WASHINGTON — The Department of Homeland Security is launching a new operation to target transnational criminal organizations that smuggle immigrants across the southern U.S. border, DHS Secretary Alejandro Mayorkas announced on Tuesday.
Through "Operation Sentinel," DHS will partner with the State Department, the FBI and the Drug Enforcement Administration to disrupt smuggling organizations' access to profit.
"We know all too well that these organizations put profit over human life with devastating consequences," said Mayorkas.
"We intend to disrupt every facet of the logistical network that these organizations use."
The Biden administration has kept intact a Centers for Disease Control and Prevention authority known as Title 42 that expels families and single adult migrants who try to enter the U.S. without a visa. It was intended to stop the spread of Covid, but immigration experts and advocates have blamed the policy for incentivizing human smuggling organizations by allowing them to charge high prices to bring immigrants into the U.S. undetected.
Mayorkas said Title 42 would remain in place while his agency also rooted out smuggling organizations.
"We will continue to exercise that public health authority that is authorized by CDC until that is no longer needed. At the same time we are addressing the transnational criminal organizations that exploit the migrants and their vulnerabilities. We have a responsibility to both elements," Mayorkas said.
During the ongoing surge of migrants crossing the U.S. border, videos have emerged of toddlers being dropped over high walls and of a young boy desperate for help after being abandoned in the desert.

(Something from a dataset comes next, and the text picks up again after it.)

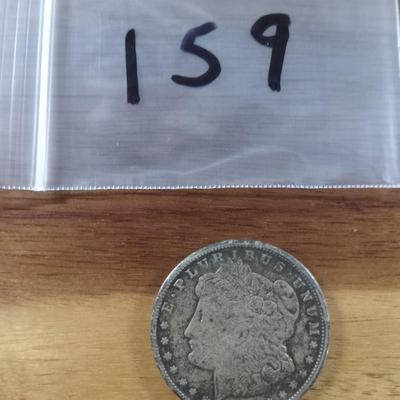1921 S morgan silver dollar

Troy Miller, acting commissioner of Customs and Border Protection, said his agency has rescued 4,766 migrants along the southwest border since October who were abandoned by smugglers.
"Transnational criminal organizations routinely attempt to smuggle people in groups but often end up abandoning women and children when they can't keep up," Miller said.
Mayorkas said the operation will be bigger than a similar effort launched in 2014 because it is broader in scope and targeting "the people, the property, not just the money."
"We will identify the smugglers and their associates and employ a series of targeted actions and sanctions against them. We will have a broad approach and a strong one. It will include every authority in our arsenal, including revocation of travel documents…freezing of banking and other financial assets, and these are just some of the examples," Mayorkas said.